If in the past you had to call your not-so-close friends to know they still exist (and let them know you do too), today’s communication tools are updating you with their presence information constantly. Try not to log on to the instant messaging service at work for a few days or refrain from tweeting for a week – people WILL be worried. It seems that offline is not a valid status these days. And it’s only going to get worse.

With WiFi everywhere, with devices that will keep us “always connected”, with life logging services documenting our daily routine, with automatic status updates – it seems that our digital presence will slowly grow to resemble our real (physical) presence, in volume and depth.

Data Flow or Over Flow?

And that is not necessarily a bad thing. The main problem with the increase in volume and depth is, as usual, real-estate. And I’m not talking about the real-estate crisis Obama is trying to solve, but the real-estate available in our clients (and our brains) to deal with such a never-ending flood of information. We haven’t really reached a point where textual data mining is effective, and already we have to mine images, videos, multimedia files, from different sources and in different qualities.
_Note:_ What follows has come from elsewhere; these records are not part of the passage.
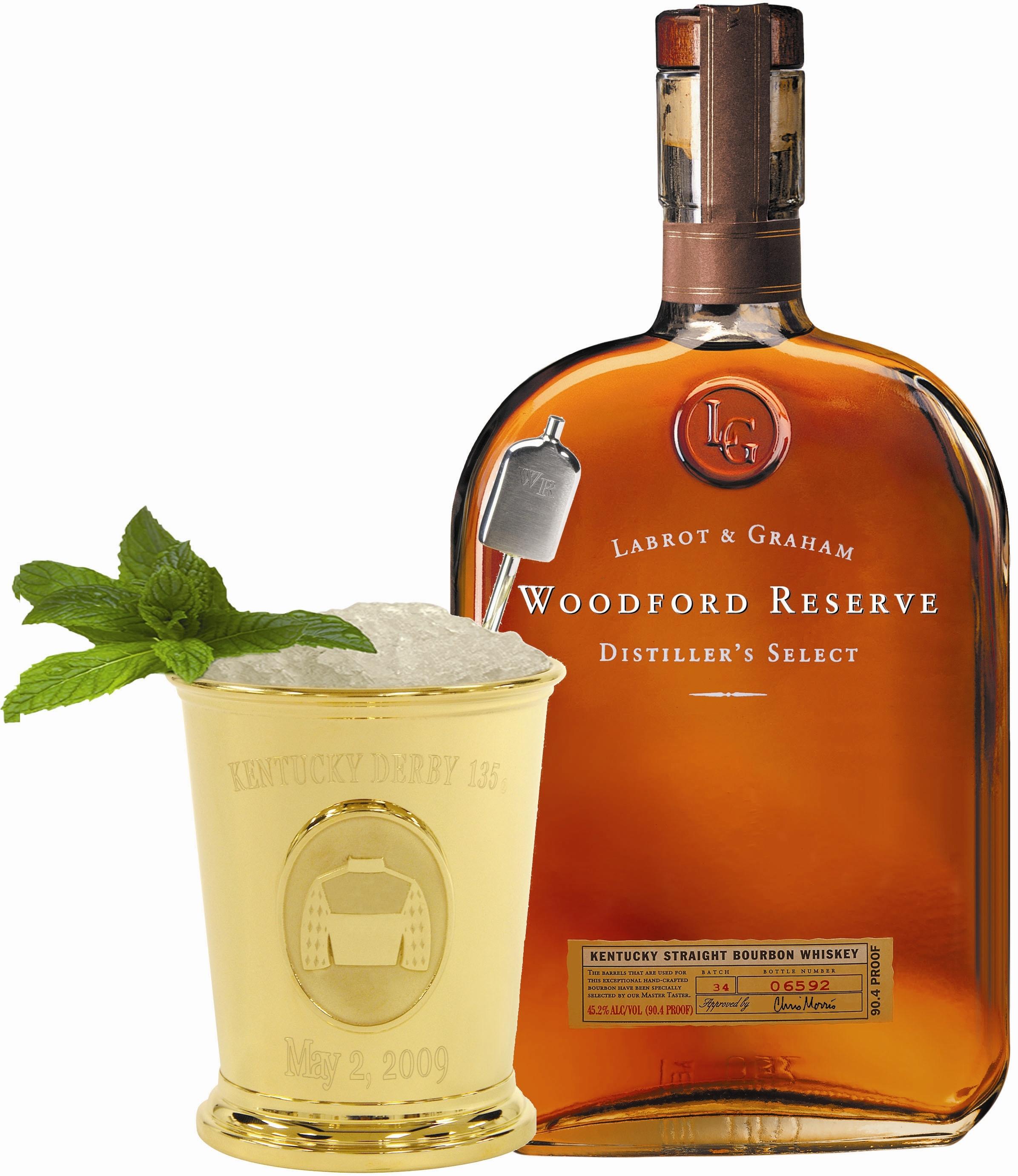 Whisky Woodford Reserve 0,7l 43,2%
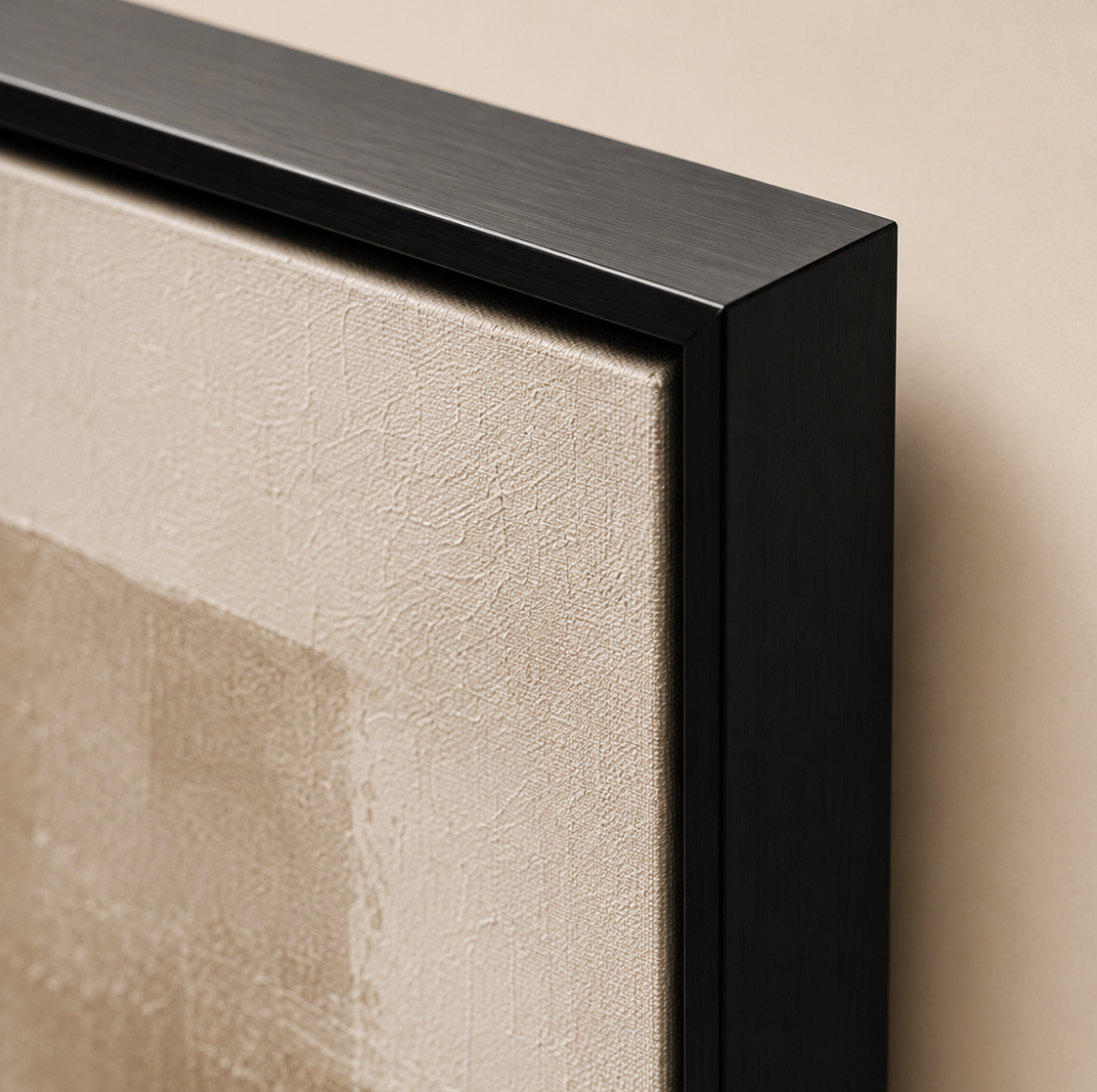 Aluminum Framed Canvas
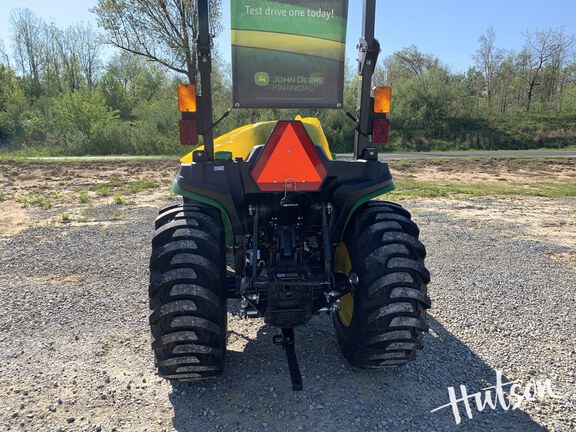 Photo of 2025 John Deere 3032E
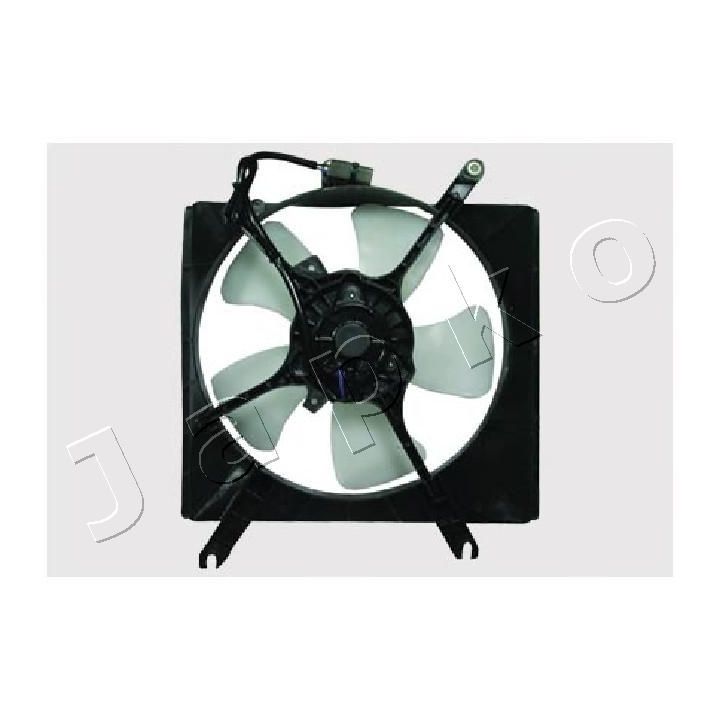 Ventiliatorius, radiatoriaus JAPKO VNT331008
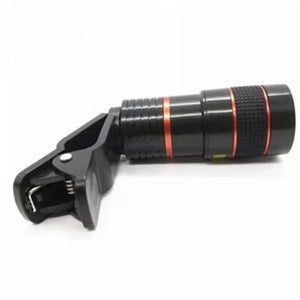 Zoom Mobile Phone Telescope Lens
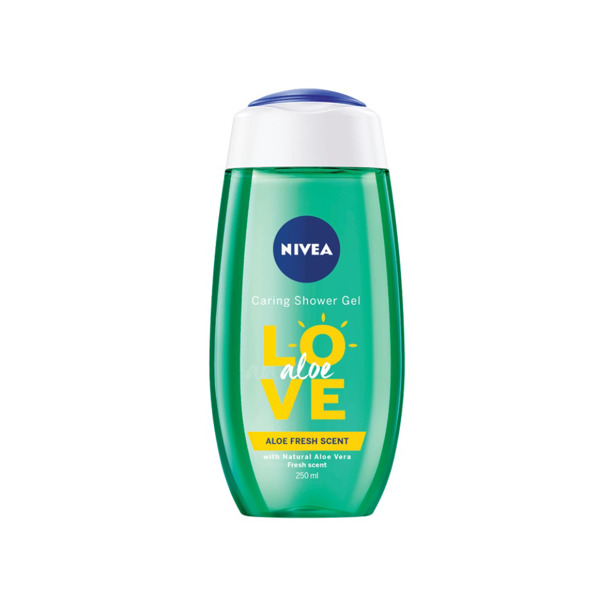 Nivea Douche Love Aloe Vera 250ml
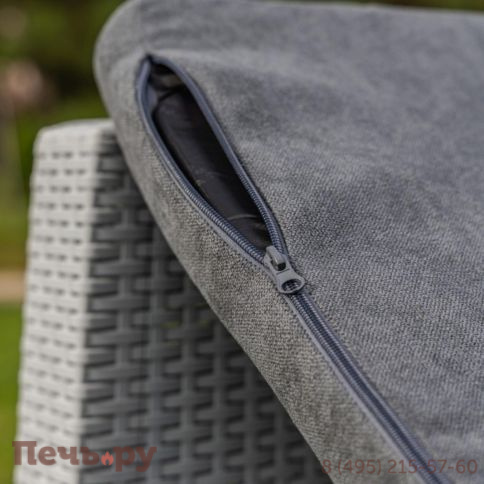 Комплект мебели Royal Family LANA S светло-серый фото 8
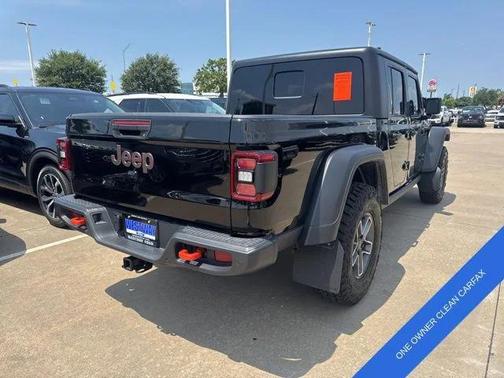 2024 Jeep Gladiator Mojave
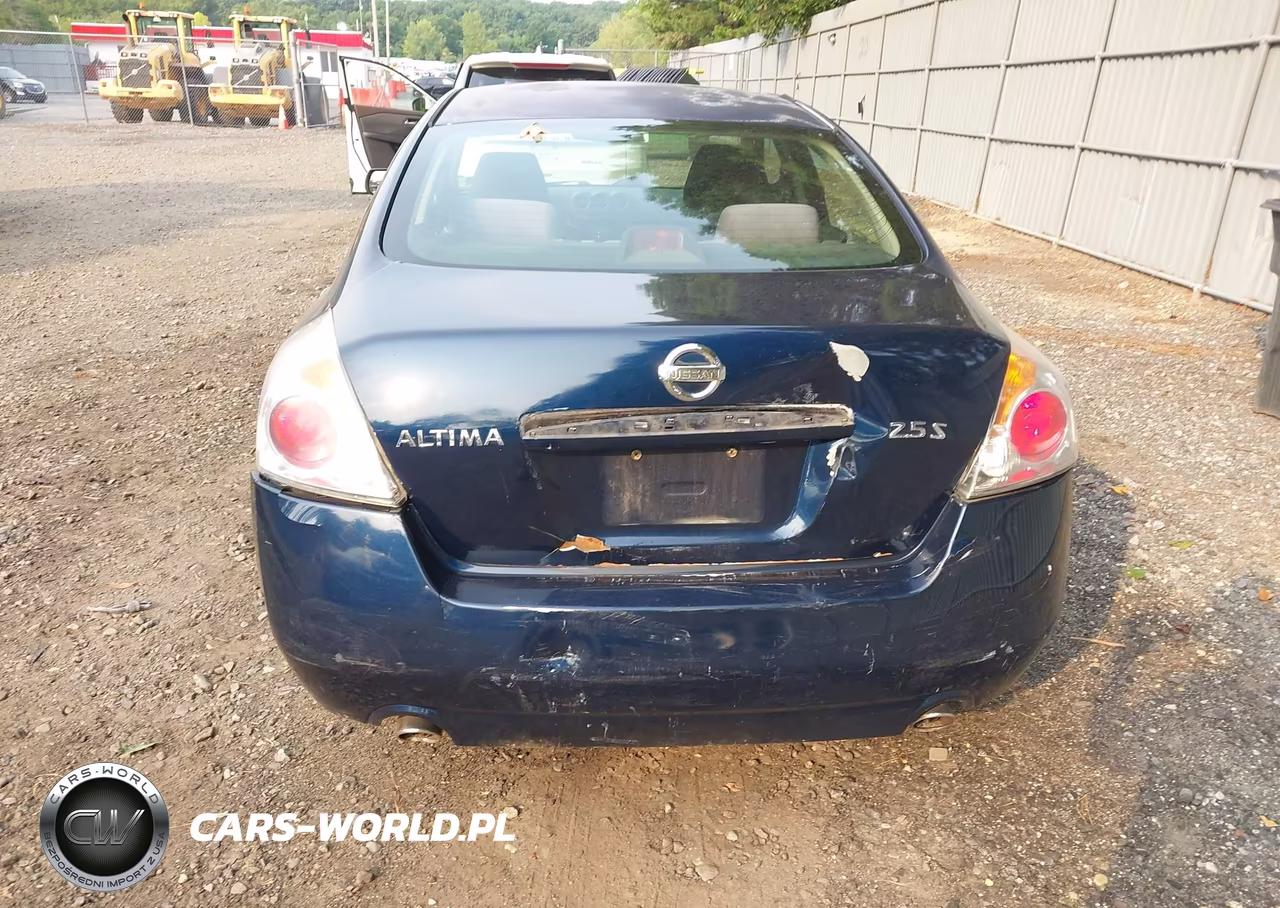 2008 Nissan Altima 2.5 S VIN:1N4AL21E38N502393 - 6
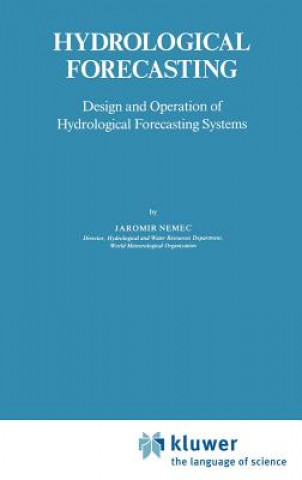 Könyv Hydrological Forecasting J. Nemec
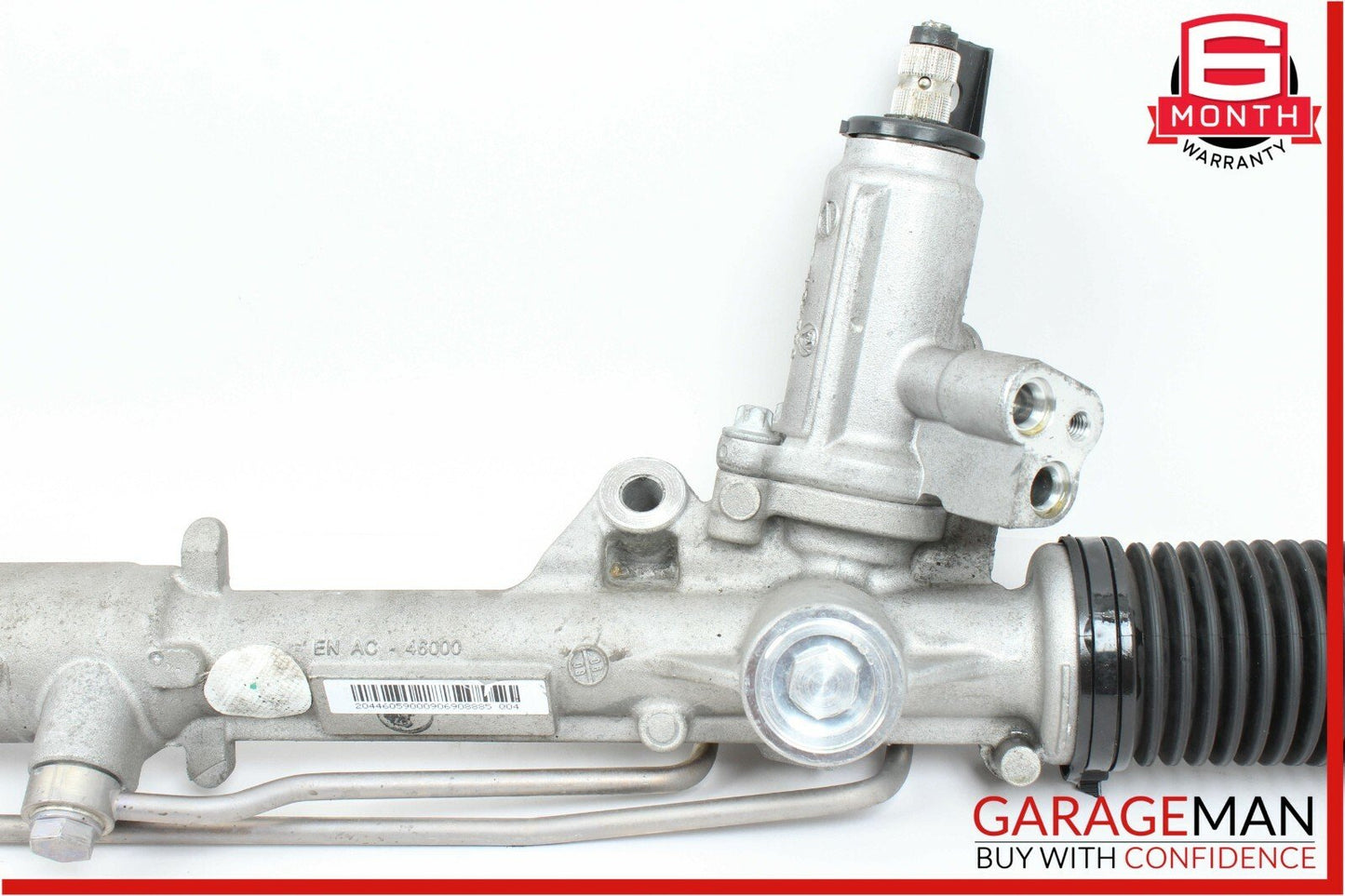 08-11 Mercedes W204 C250 C300 Power Steering Rack and Pinion 2044605700 OEM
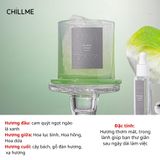  Đá thơm phòng khuyếch tán tinh dầu Chillme quà tặng trang trí decor nhà cửa khử mùi 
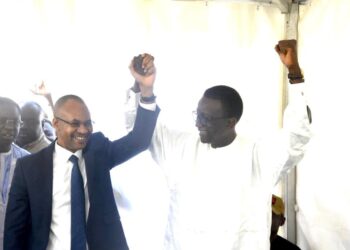 An 1 du mouvement citoyen : DCM réaffirme son soutien à Amadou Ba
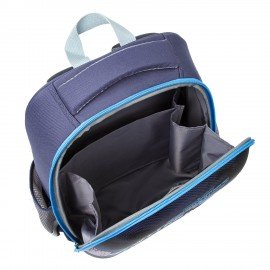 Ранец ПИФАГОР EVA BASIC, 1 отделение, "SuperCar", 39х30х16 см, 229940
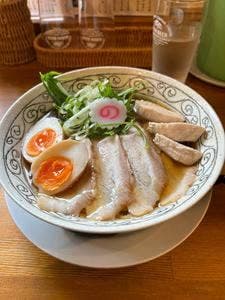 つけ麺らぁめん 亰極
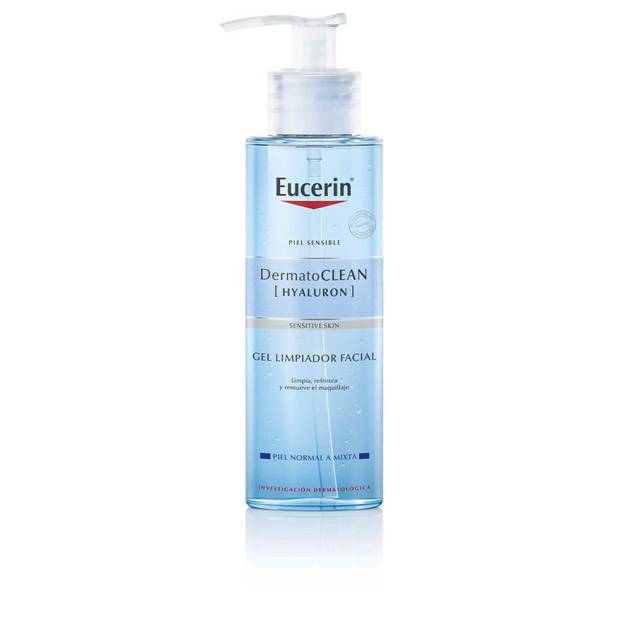 DERMATOCLEAN gel limpiador 200 ml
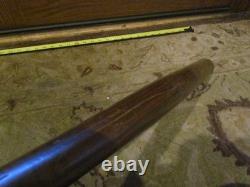 Vintage D566 Authentic Govts Baseball Bat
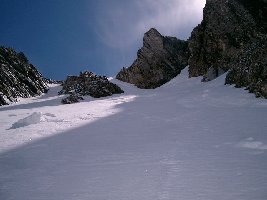 zum schluss wirds dann noch ein wenig eng und steil....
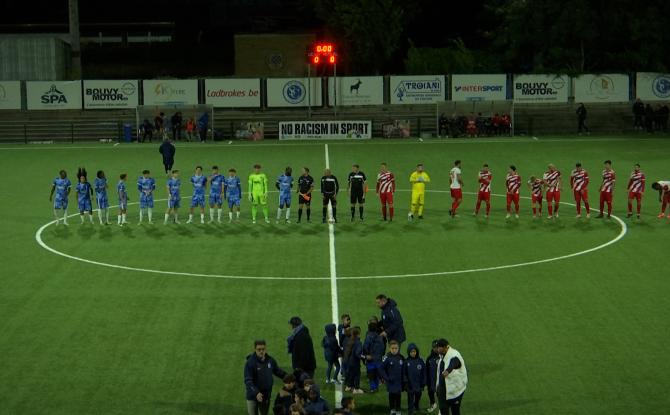 Montignies peut avoir quelques regrets...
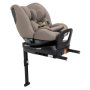CHICCO A-s Seat3fit I-Size (40-125cm),Desert Taupe - slika 2
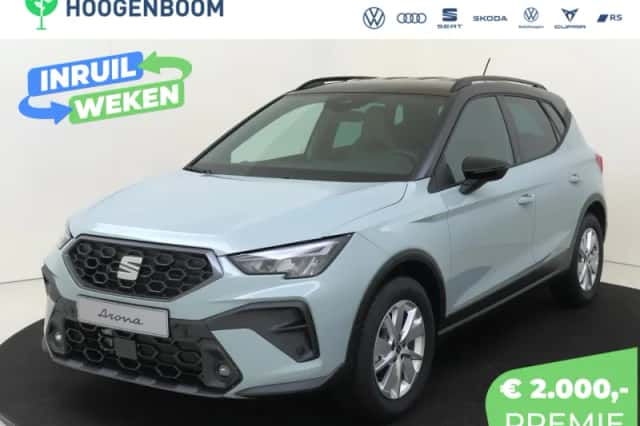 SEAT Arona (2026) thumbnail 1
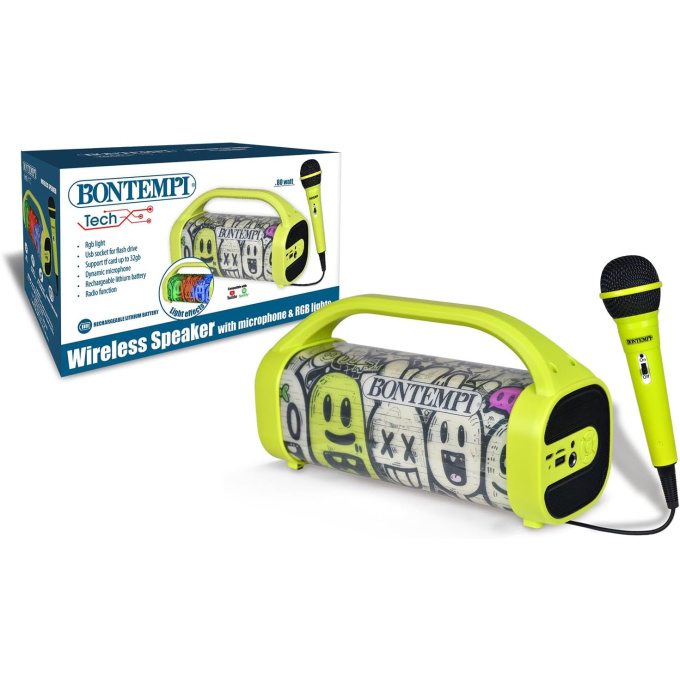 Bontempi – Bezdrátový reproduktor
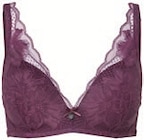 Softschalen-BH Aubergine im Angebot bei Tchibo im Supermarkt in Friedrichshafen Softschalen-BH Aubergine Angebote bei Tchibo im Supermarkt Friedrichshafen für 17,99 €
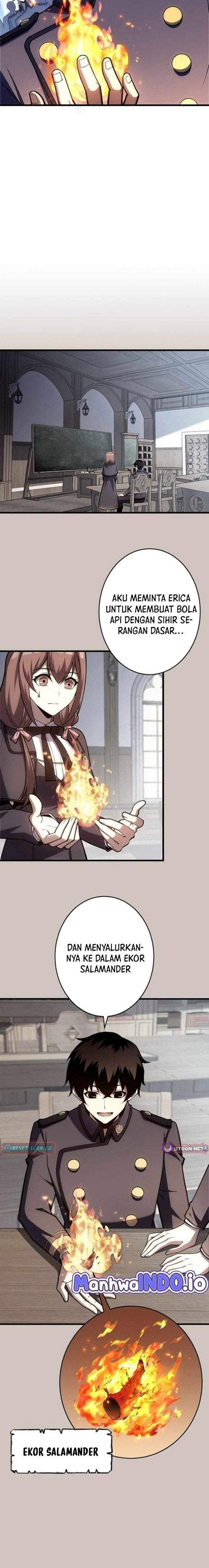 The Top Healer of the Offensive Magic Academy Chapter 7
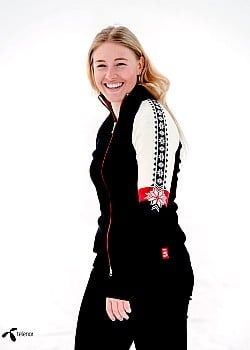 Kajsa Vickhoff Lie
If following “just” Obama is an almost impossible mission, think about following all of your friends, when every one of them is a little Obama. And add to that your co-workers, your colleagues, the interesting people you follow… It’s easy to see how this can quickly turn into an ugly mess, that will make all of us drop everything altogether and return to the basics. Which, in a sense, is already happening, in a small scale, with people exposed to Facebook or Twitter for the first time, without really understanding the medium and the way to deal with it.

Just as Google, with its revolutionary (back then, and still today) search engine turned the World Wide Web into a global village and the biggest source of information on the planet, as it effectively (up to a certain extent) matched queries with data (assuming, of course, you know how to use it), the “status-phere” could become an incredible wealth of data, if we can only find the ways to sort it out.

Match text, image and video; choose between an array of videos taken at the same event; find data that is relevant to my geographical location; automatically filter important and relevant information (based, of course, on my own personal preferences) – all this, and more, are ideas that are already researched, implemented (to some extent) and will be the basis for the success of this user generated, data overflow revolution, and the key for its mass adoption.

Powerful, wonderful data flow or painful, dreadful data over flow? There’s a thin line that passes between them. And only time will tell where we will find ourselves by the time Barack Obama is no longer the elect US president (hopefully some 7 years from now).